Columns, Opinion

Latest With Lin: Walking the tightrope, how much longer can India play both sides?

As the invasion of Ukraine enters its second month, the war’s reverberations are being felt globally.

Energy markets are already feeling the effects of sanctions on Russian oil and gas, and other commodities may be subject to similar shocks too. Russia and Ukraine supply more than a quarter of the world’s wheat, putting food prices at risk of rising. So much so, that some countries, such as Egypt, have already made moves to ramp up domestic wheat production in preparation.

However, disruptive as they are, these are only the first spillover effects to come from the conflict. Just like how economic relationships and supply lines are being redrawn, political relationships too, will eventually need to be reinspected.

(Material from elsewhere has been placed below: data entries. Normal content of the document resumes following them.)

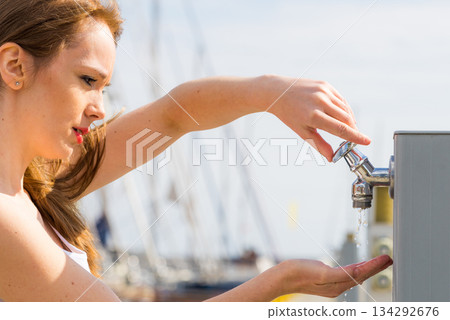Woman drinking water from tap in marina. Woman drinking water from tap in marina. 134292676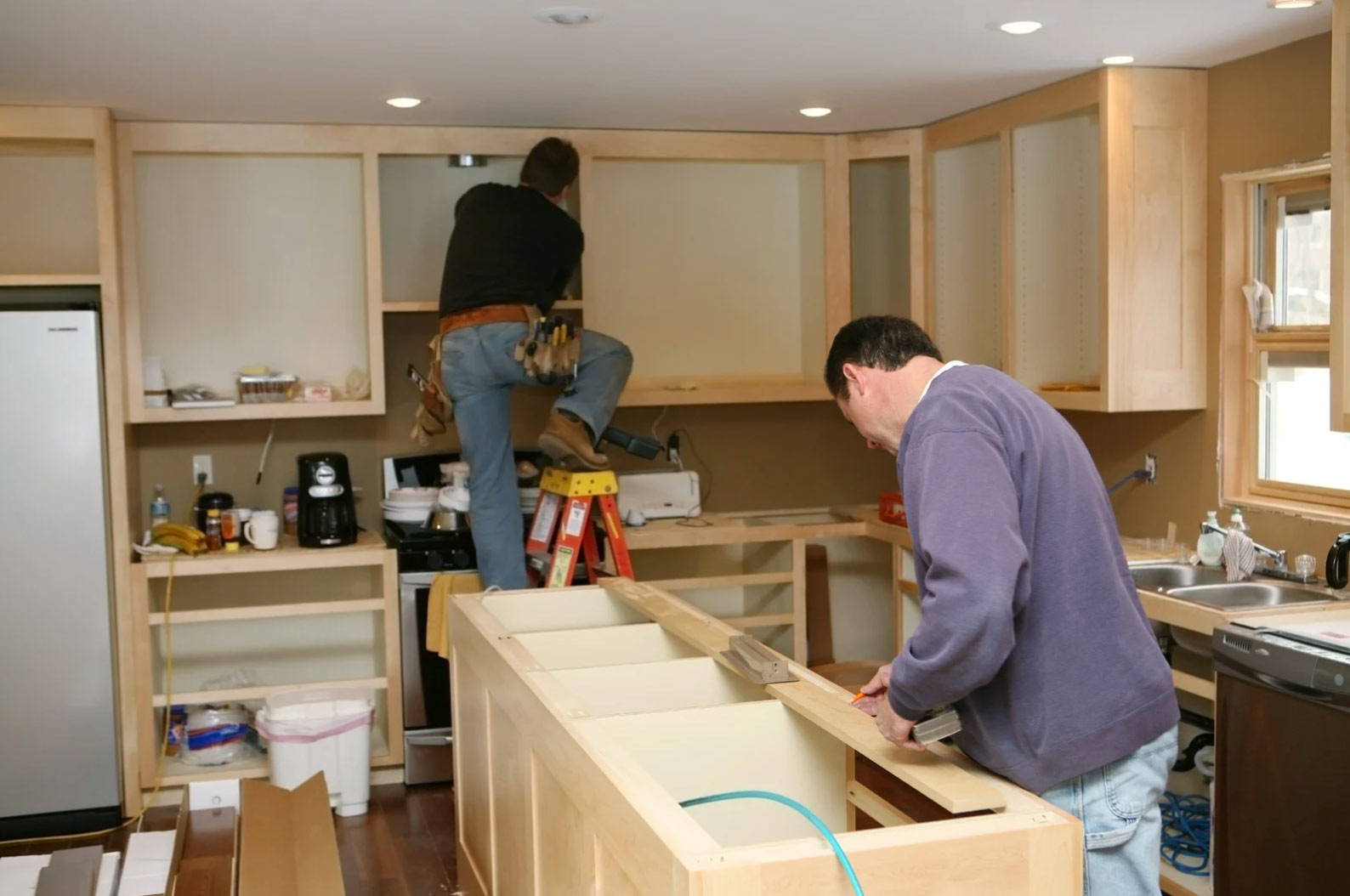 kitchen-1 Two men are installing kitchen cabinets and working on a kitchen remodel with tools and materials.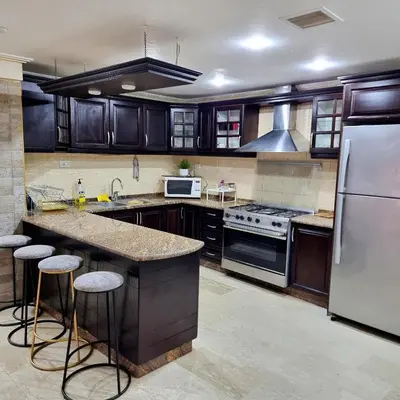 a kitchen with wooden cabinets and a large island with bar stools at Deir Ghbar Suite in Amman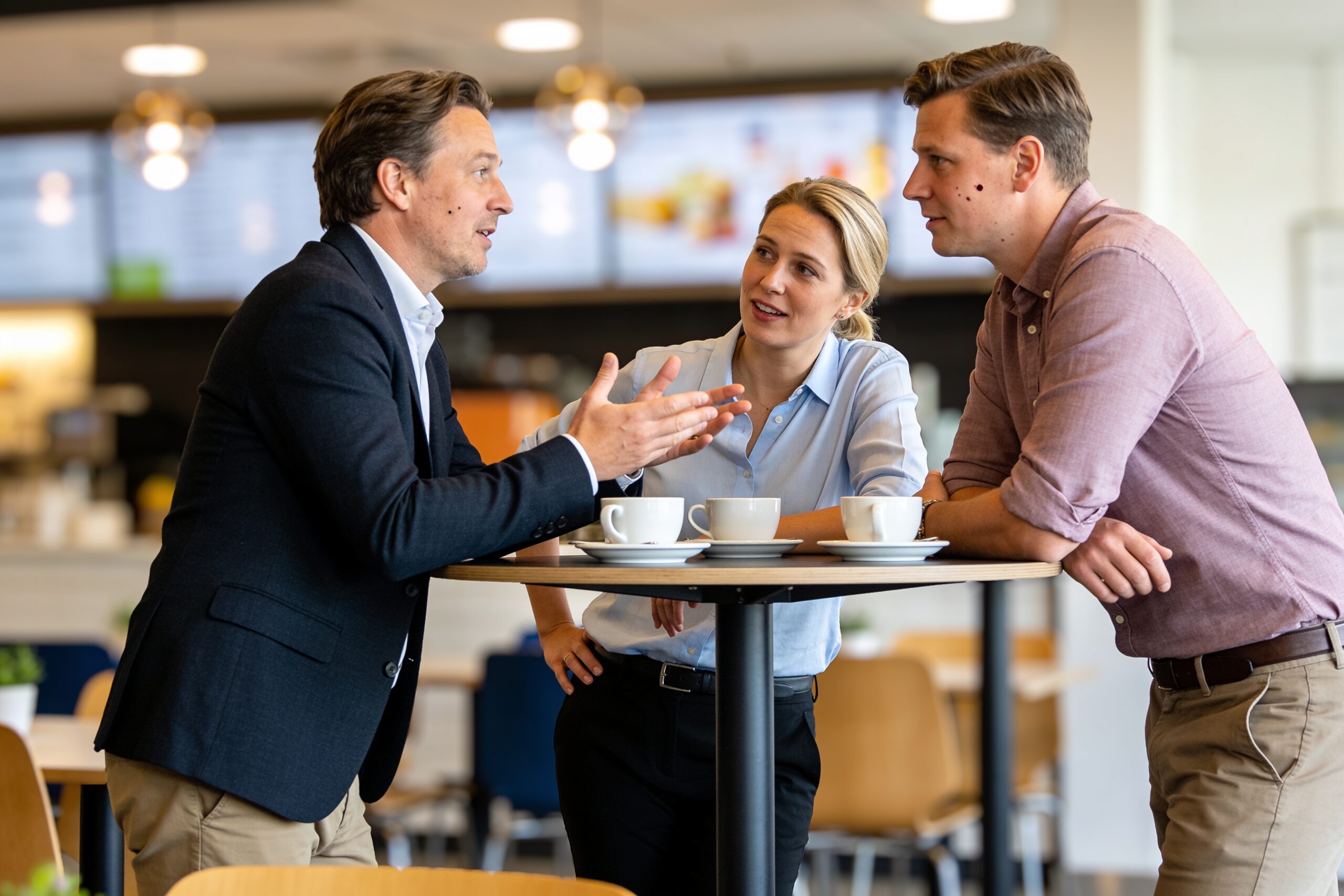 Mitarbeiter im Gespräch an einem Stehtisch in der Betriebskantine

Earlier this month, at the UN General Assembly, the invasion of Ukraine was widely denounced by the international community. Though only five nations voted against the resolution – which called for Russia to “immediately, completely and unconditionally withdraw all of its military forces from the territory of Ukraine within its internationally recognized borders” — there were a few notable countries that withheld condemnation. 

Most interesting of which is India, which just recently strengthened its relationship with the U.S. through the Quadrilateral Security Dialogue, or the “Quad.”

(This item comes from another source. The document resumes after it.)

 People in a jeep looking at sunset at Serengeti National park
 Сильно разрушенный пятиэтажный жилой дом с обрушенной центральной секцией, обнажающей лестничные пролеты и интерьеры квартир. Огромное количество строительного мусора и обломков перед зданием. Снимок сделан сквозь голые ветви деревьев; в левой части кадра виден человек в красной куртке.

The “Quad” was formed in 2007 and consists of India, Australia, Japan, and the U.S. It has recently come to prominence due to unanimous concerns over China’s growing regional and economic power, and serves as a strong platform for bilateral cooperation between the U.S. and India. 

Though U.S.-India relations had been harmed in the past by the former’s friendliness with Pakistan during the Cold War, countering Chinese power has been enough of a platform to maintain a close partnership between the countries.

This is interesting, as concern over China is what initially prompted India to establish ties with Russia in the first place. 

Smaran Ramidi / DFP Staff

After its war with China in 1962, India moved towards the Soviet Union as a pragmatic action to address its regional concerns. For the rest of the Cold War, India became a reliable, stable partner of the Soviets. Even to this day, India still relies heavily on Russia for weapons systems, with its recent plans to acquire the brand new Russian S-500 missile system being the latest purchase to raise American eyebrows.

Although India’s ties to Russia have always been to the dismay of the U.S., the recent invasion of Ukraine has put a spotlight on this issue.

Continued imports of Russian oil and purchases of Russian weapon systems do not sit well with America’s new policy of making Russia a pariah in the international community. What was once a tenable position, walking the tightrope between the U.S. and Russia, no longer seems possible to hold. 

Though India is yet to face any consequences, as it remains an important partner to both the U.S. and Russia, the pressure to choose a side is only going to grow. 

India’s foreign policy has long favored global neutrality. Having its roots in the Non-Aligned movement of the Cold War, India’s partnerships and deals were made out of necessity and pragmatism, as India wanted to avoid being used to serve the interest of big powers.

Neutrality is a doctrine that has dictated India’s foreign policy for decades, and is now being put to the test by Russia’s invasion of Ukraine. India may no longer be able to sit out this conflict, as its future stake in global affairs is on the line.